Saat itu, sebuah derap langkah kaki yang tergesa terdengar semakin dekat dan mengalihkan perhatian semua orang. Detik berikutnya wajah padam pak Hamdan, sang guru BP yang terkenal seram muncul di ambang pintu dengan selaksa murka.
" RAKA!! TURUNKAN SERAGAM KAMU DARI ATAP RUANG GURU!!"
Raka mengerjap tanpa rasa bersalah di wajahnya. Pemuda itu justru memiringkan tubuhnya ke arah pak Hamdan dan menumpukan kepala pada siku, kemudian menggeliutkan badannya seperti cacing kepanasan dengan seringai menggoda. Nala menegakkan diri dan mengangkat alis, takjub dengan kelakuan cowok satu ini.
" Tapi pak, seragam saya apek kena keringet habis lari keliling lapangan. Disana sebentar lagi pasti kering, kok. Mending bapak ikut cara saya, biar itu ketiak nggak bikin anak-anak pingsan kalau papasan sama bapak di koridor!"
Pak Hamdan terbelalak.
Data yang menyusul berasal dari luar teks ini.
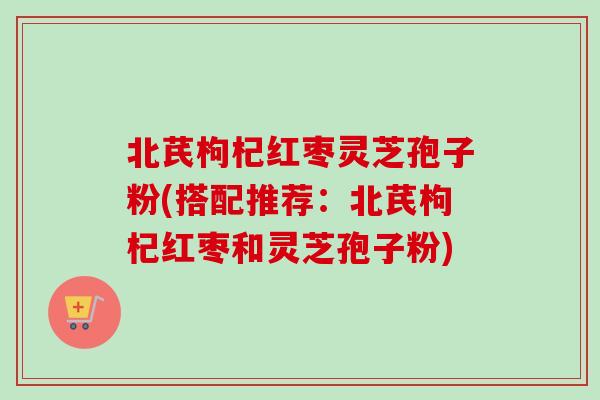 北芪枸杞红枣灵芝孢子粉(搭配推荐：北芪枸杞红枣和灵芝孢子粉)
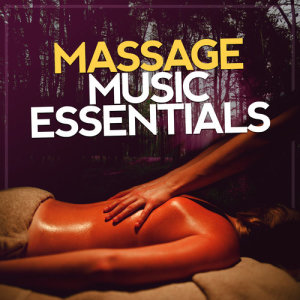 Massage Music的專輯Massage Music Essentials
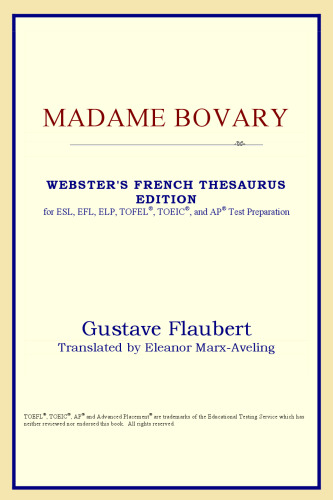 Madame Bovary (Webster's French Thesaurus Edition)
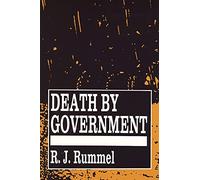 R. J. Rummel Death by Government (Tascabile)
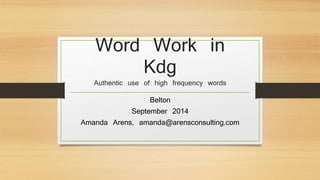 Word Work in 
Kdg 
Authentic use of high frequency words 
Belton 
September 2014 
Amanda Arens, amanda@arensconsulting.com 
 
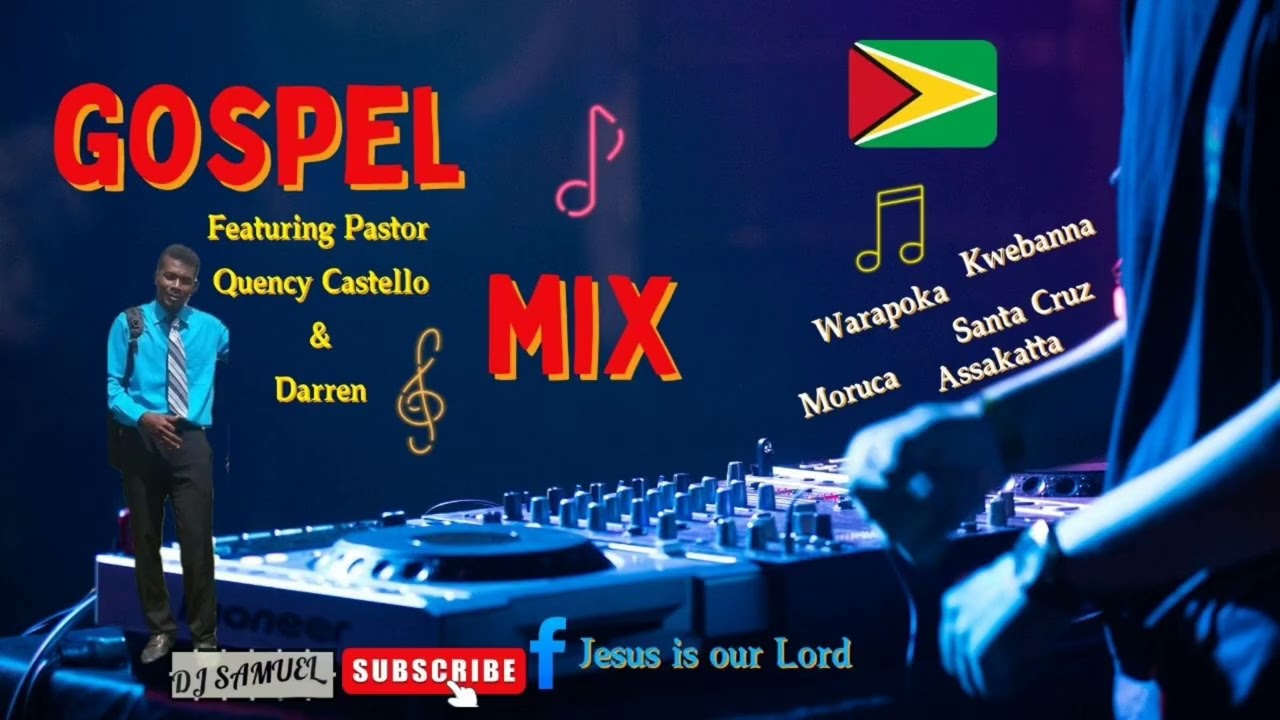 Gospel_Mix_Featuring_Quency Castello_Darren_Gideon_others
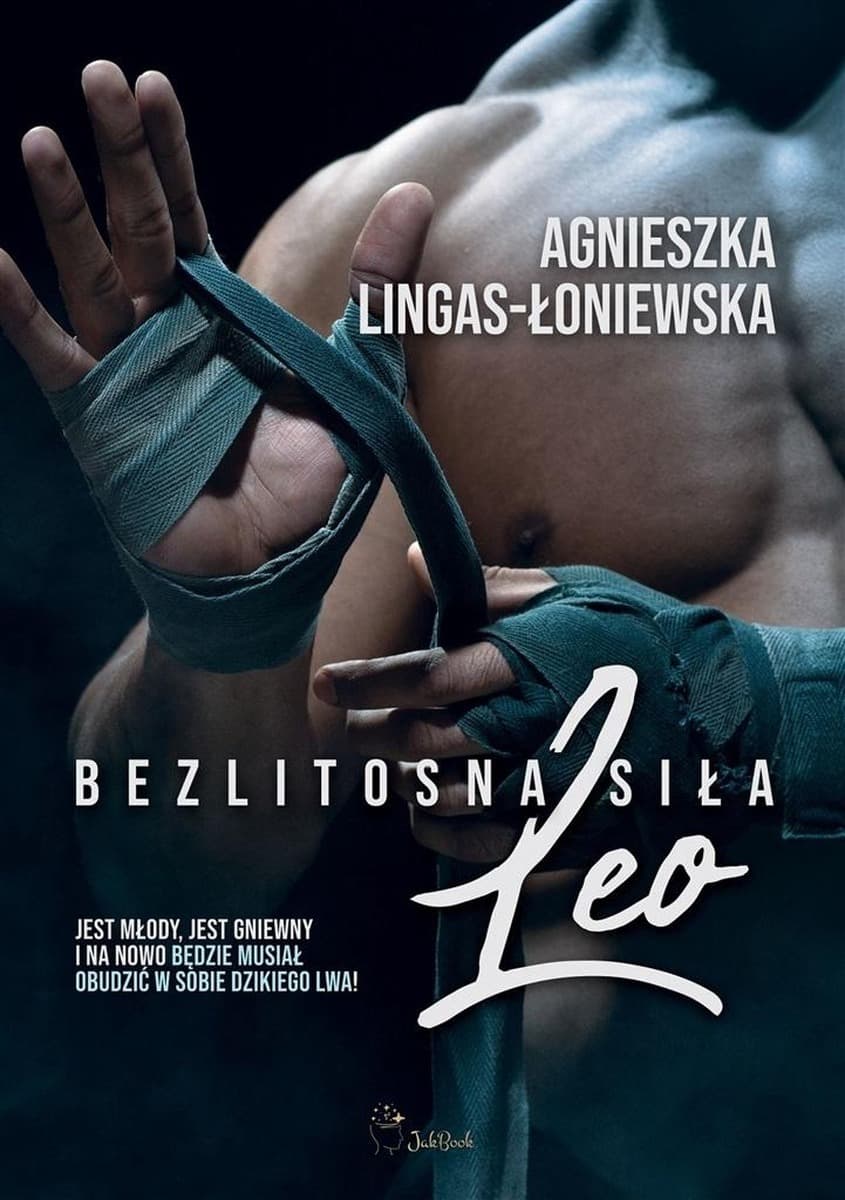 Leo. Bezlitosna siła. Tom 7 - Powieść o przyjaźni i miłości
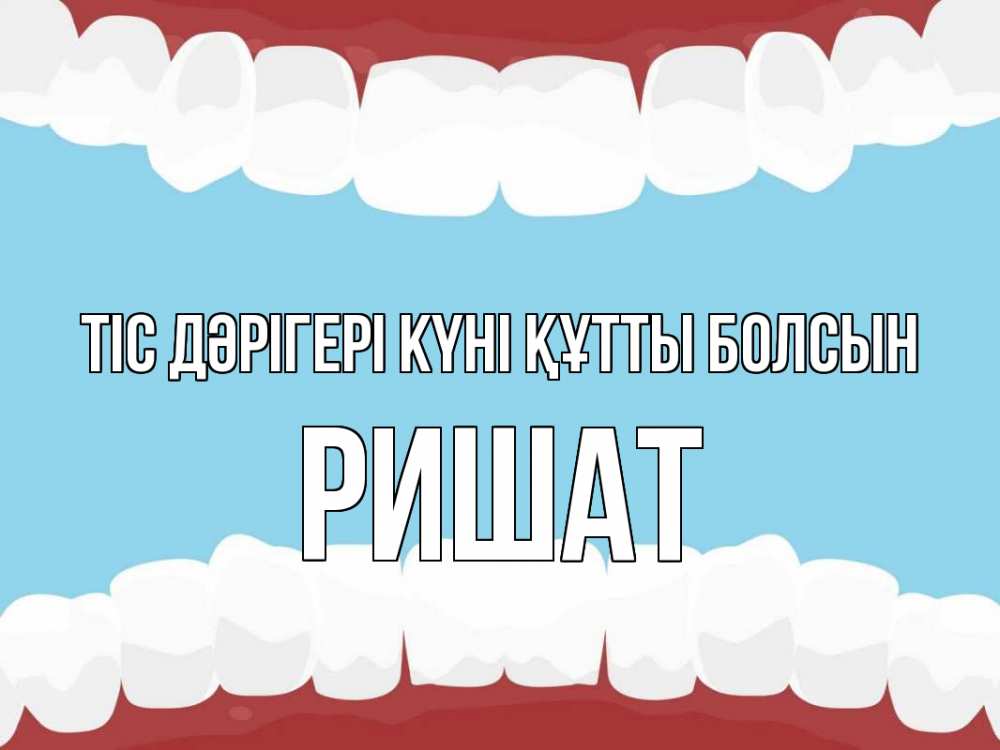 Күн сайын ашық хат с именем, РИШАТ Тіс дәрігері күні құтты болсын с днем стоматолога Онлайн тегін жүктеп алу тілектері бар керемет карта 
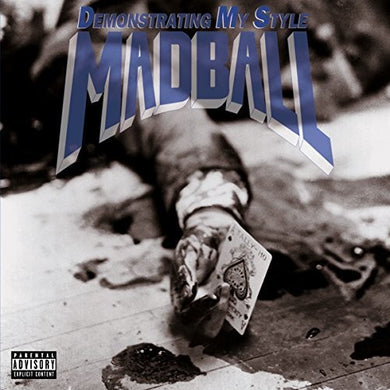 Madball: Demonstrating My Style (Vinyl LP)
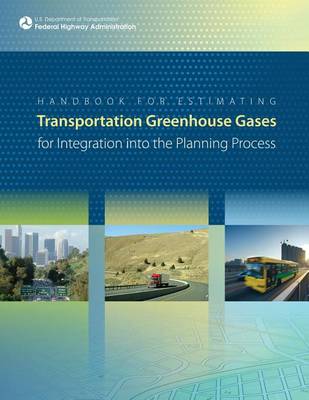 Book cover for Handbook For Estimating Transportation Greenhouse Gases for Integration into the Planning Process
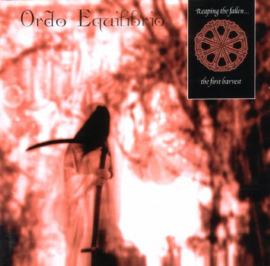 Ordo Equilibrio – Reaping The Fallen... The First Harvest (CD)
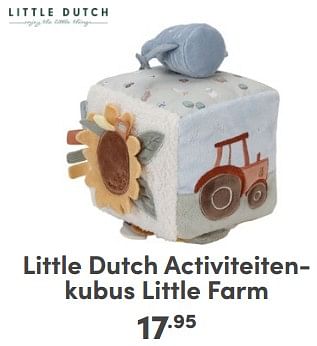 Promotions Little dutch activiteitenkubus little farm - Little Dutch - Valide de 17/03/2024 à 23/03/2024 chez Baby & Tiener Megastore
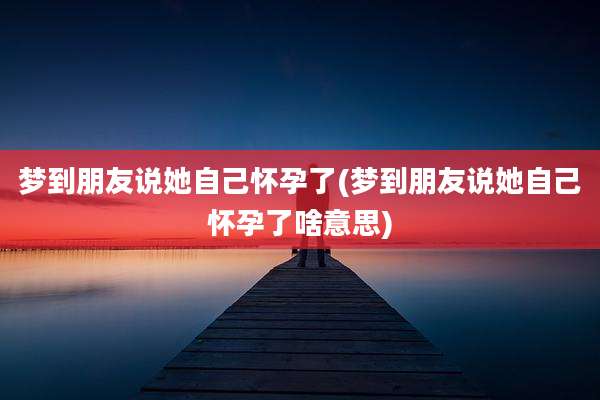 梦到朋友说她自己怀孕了(梦到朋友说她自己怀孕了啥意思)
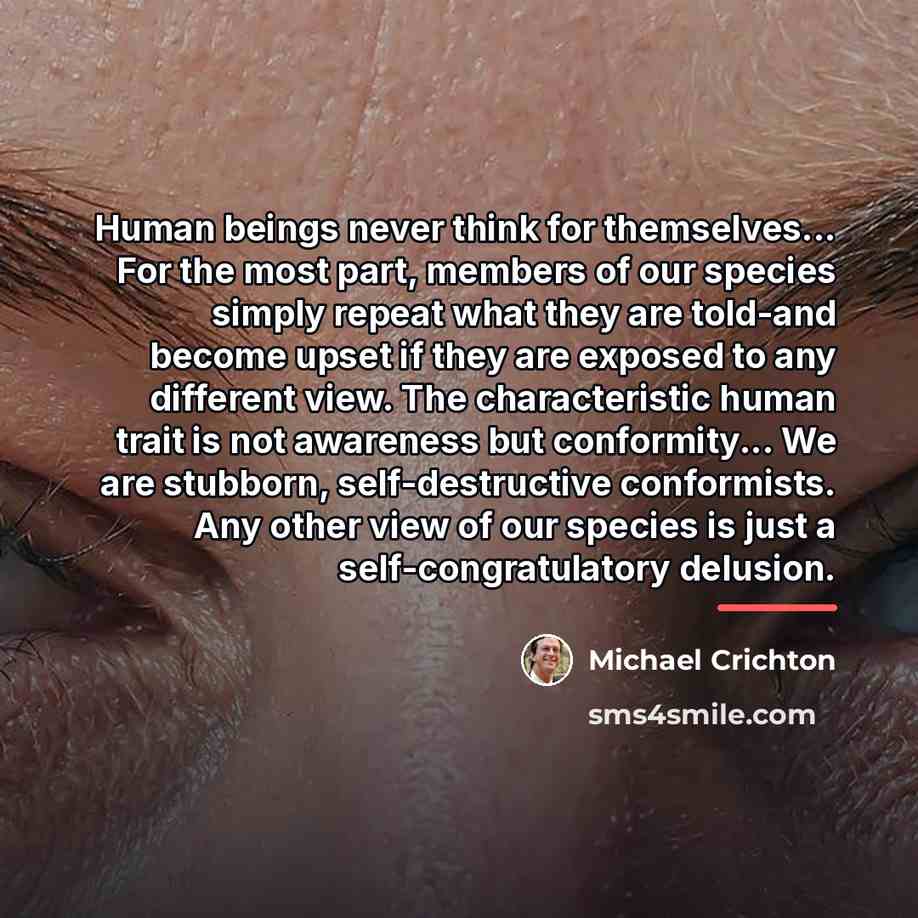 “Human beings never think for themselves... For the most part,…” quote by Michael Crichton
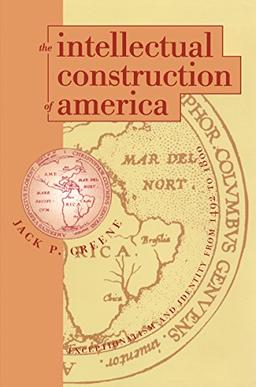 The Intellectual Construction of America: Exceptionalism and Identity From 1492 to 1800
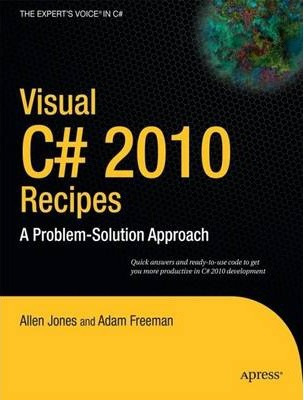 Libro Visual C# 2010 Recipes : A Problem-solution Approac...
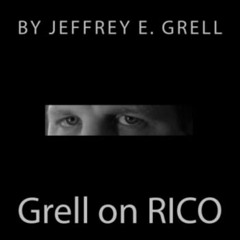 download EPUB 💘 Grell on RICO: A Practical Guide to the Racketeering Influenced and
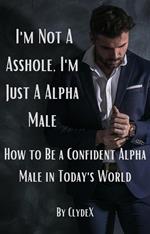 I'm Not a Asshole, Just a Alpha Male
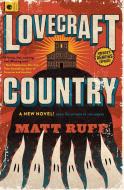Lovecraft Country di Matt Ruff edito da Harper Collins Publ. USA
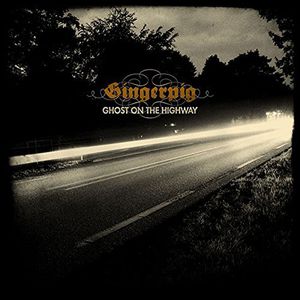 Ghost on the Highway , Gingerpig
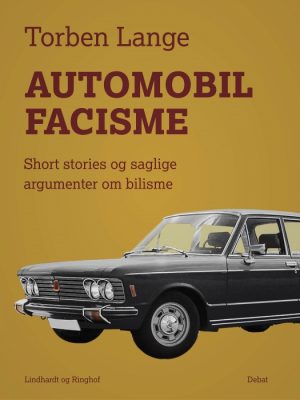 Automobilfacisme: short stories og saglige argumenter om bilisme (E-bog)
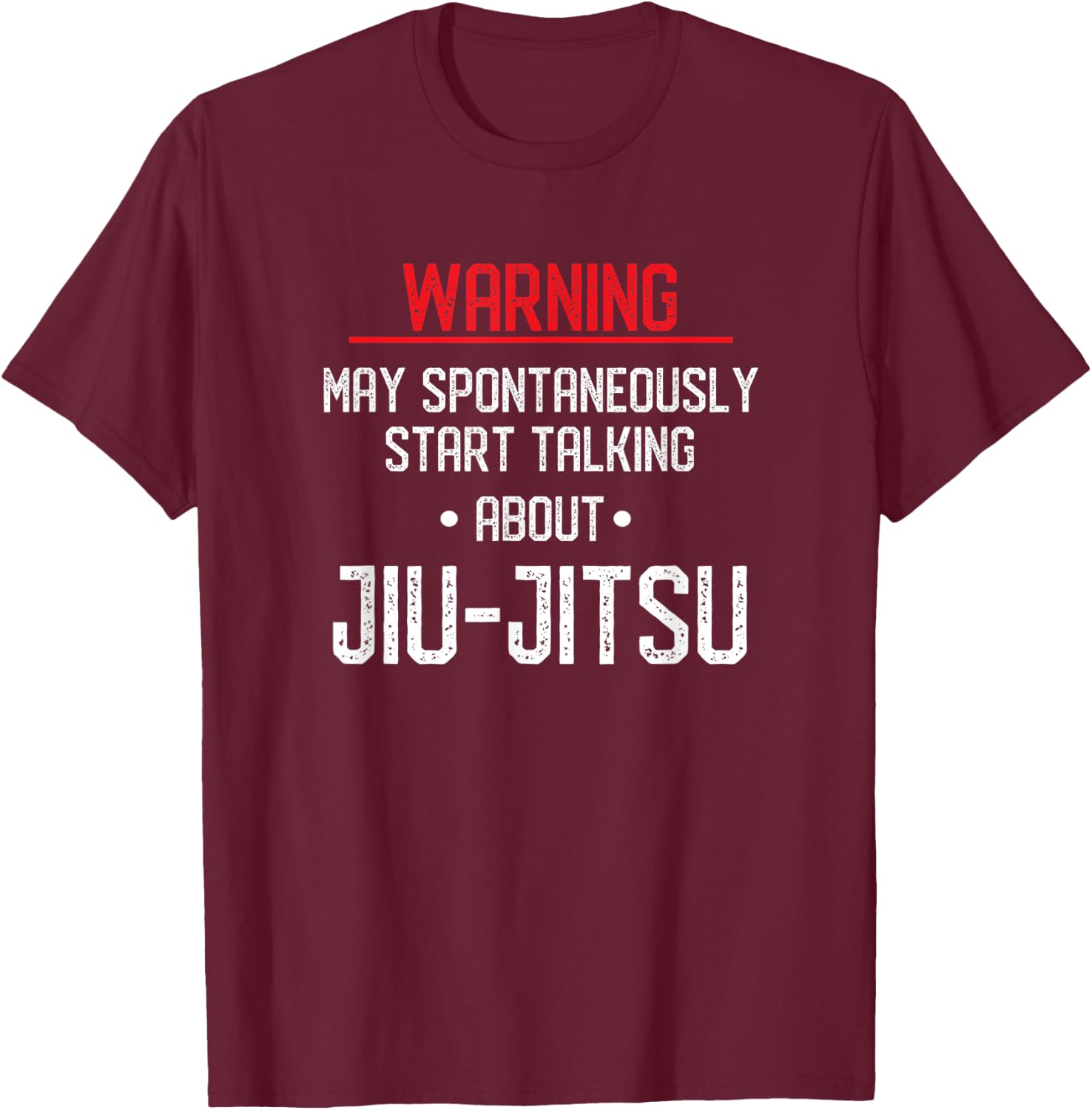 Funny Warning - Brazilian Jiu Jitsu BJJ T-Shirt - T-Shirt | Maroon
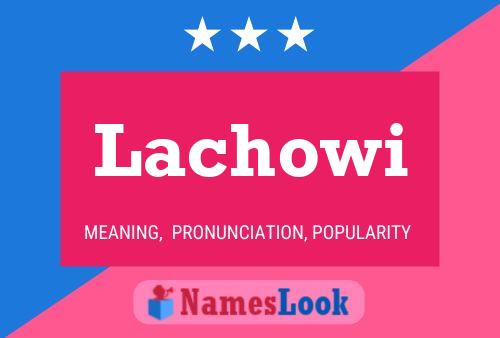 ملصق اسم Lachowi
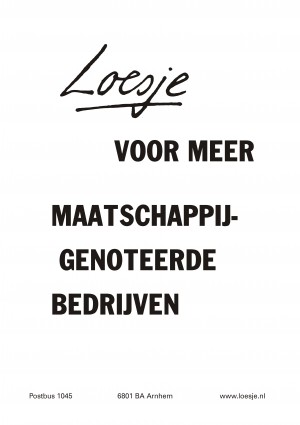 Loesje voor meer maatschappijgenoteerde bedrijven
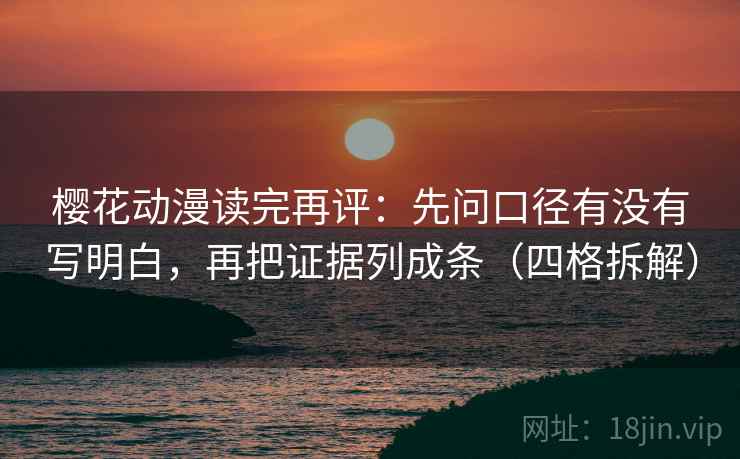 樱花动漫读完再评：先问口径有没有写明白，再把证据列成条（四格拆解）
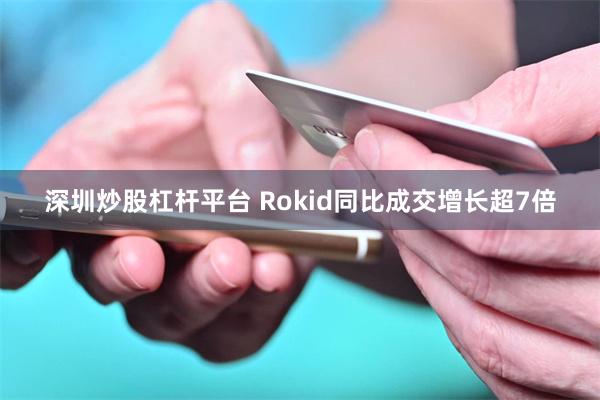 深圳炒股杠杆平台 Rokid同比成交增长超7倍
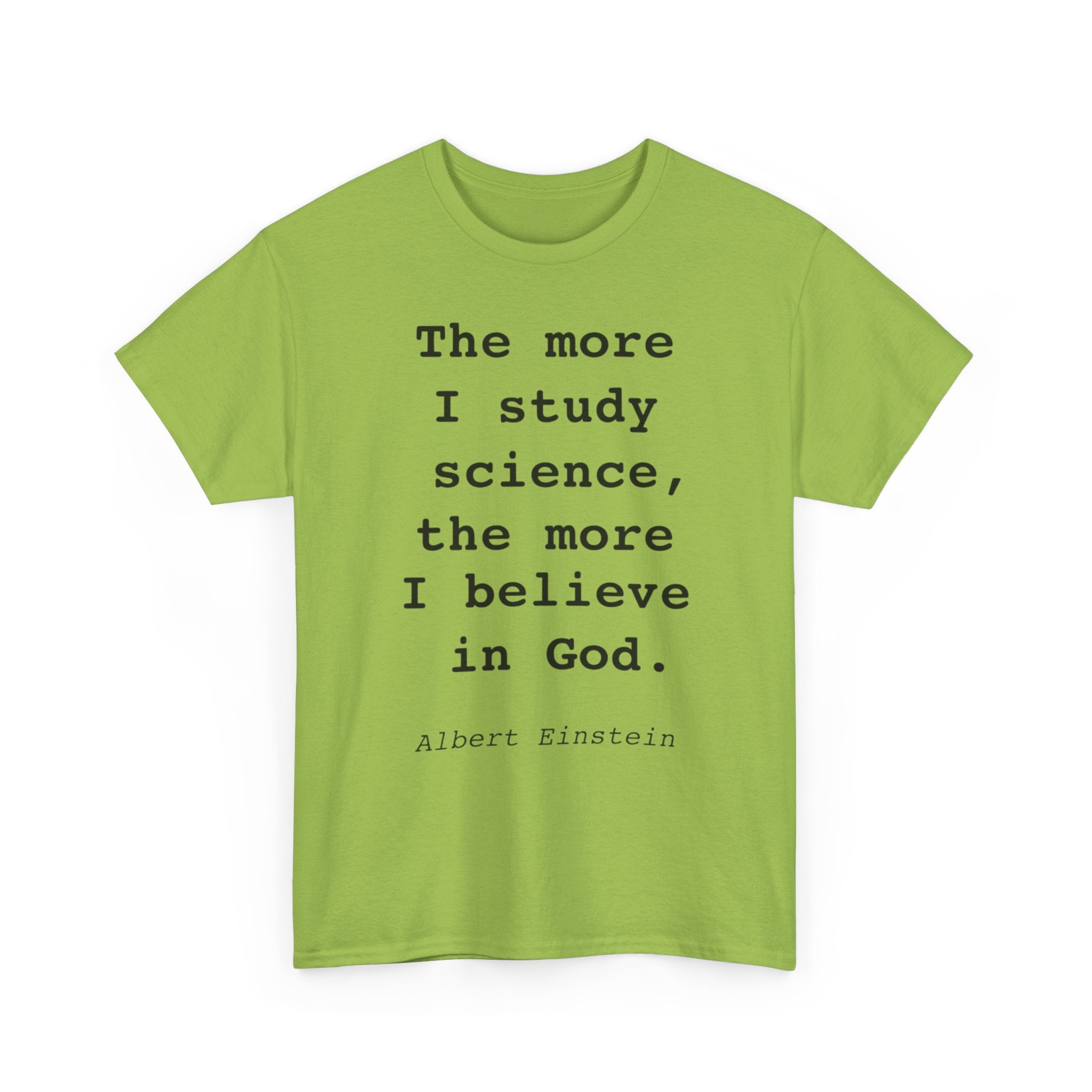 “The more I study science, the more I believe in God” —  T‑Shirt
Kemarahannya udah di ubun-ubun saat Gardan menyerobot.
" Salah Ka. Yang perlu dijemur itu pak Hamdan, bukan bajunya, bego!" Sahut Gardan.
" Duh jangan!" Seru Kezia dengan wajah cemasnya. Nala menoleh ke arahnya.
Apa Kezia adalah murid terwaras di antara lima sableng ini?
Kezia menatap kasihan pada pak Hamdan. Dengan suara selembut peri, ia meneruskan, " Nanti atapnya jebol kita nggak bisa jemur baju lagi."